▶ **INFORMATION PROVIDED**
◆ ◆ ◆ ◆ ◆ ◆ ◆

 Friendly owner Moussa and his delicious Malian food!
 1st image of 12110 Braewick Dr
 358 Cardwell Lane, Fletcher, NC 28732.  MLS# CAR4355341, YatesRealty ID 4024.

◆ ◆ ◆ ◆ ◆ ◆ ◆

▶ **DIRECTIONS**
Your task is to transcribe exactly the lines from the one with "1st image of 12110 Braewick Dr" through the end of the data, both included, and nothing besides.

▶ **YOUR RESPONSE**
 1st image of 12110 Braewick Dr
 358 Cardwell Lane, Fletcher, NC 28732.  MLS# CAR4355341, YatesRealty ID 4024.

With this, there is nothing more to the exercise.